Task item: Retype exactly the span of lines below from the one with "Kafatası Yüzü (Plastik" through the one with "22 funny cat". Do not include pictures.

Data to use:
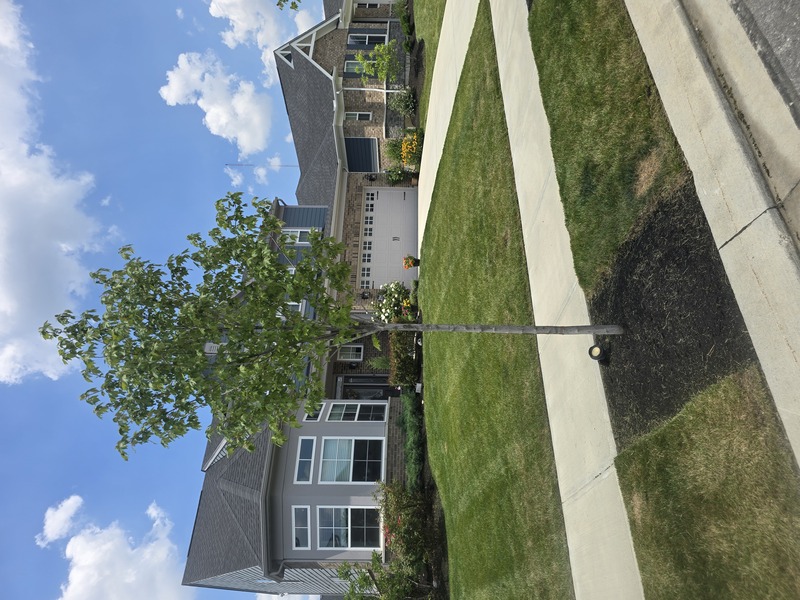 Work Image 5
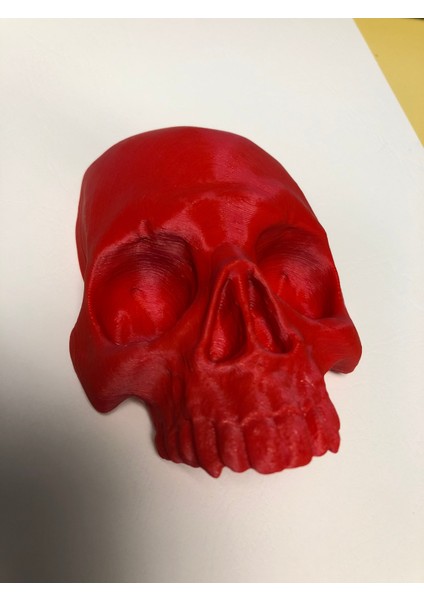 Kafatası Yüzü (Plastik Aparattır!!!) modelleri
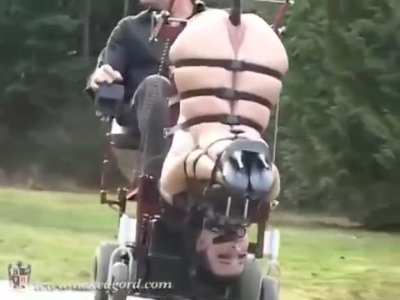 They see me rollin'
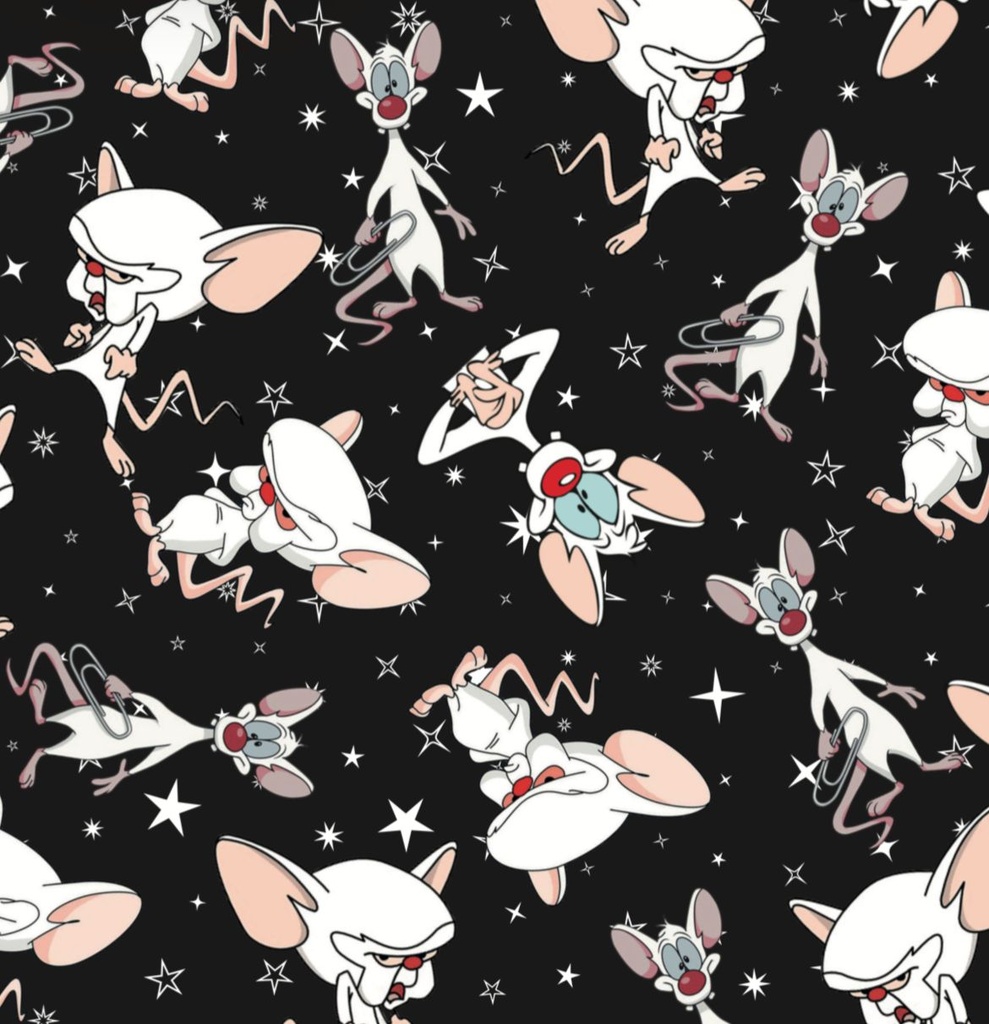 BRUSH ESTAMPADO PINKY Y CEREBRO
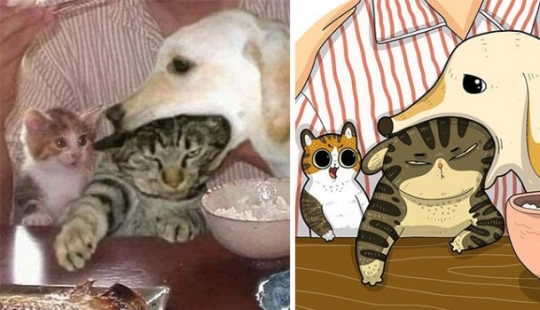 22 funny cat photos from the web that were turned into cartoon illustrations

---

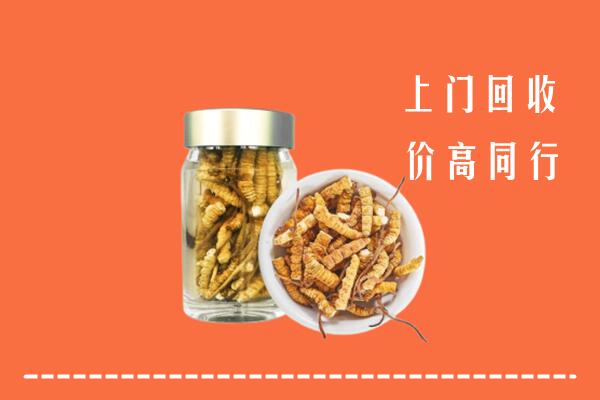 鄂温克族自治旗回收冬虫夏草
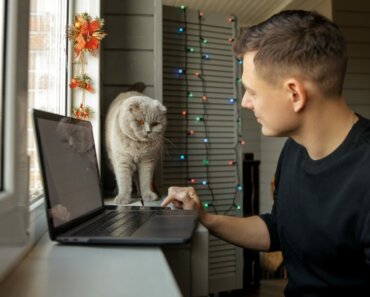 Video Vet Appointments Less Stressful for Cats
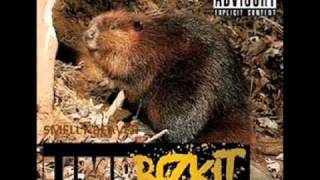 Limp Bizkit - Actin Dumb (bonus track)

Completed task:
 Kafatası Yüzü (Plastik Aparattır!!!) modelleri
 They see me rollin'
 BRUSH ESTAMPADO PINKY Y CEREBRO
 22 funny cat photos from the web that were turned into cartoon illustrations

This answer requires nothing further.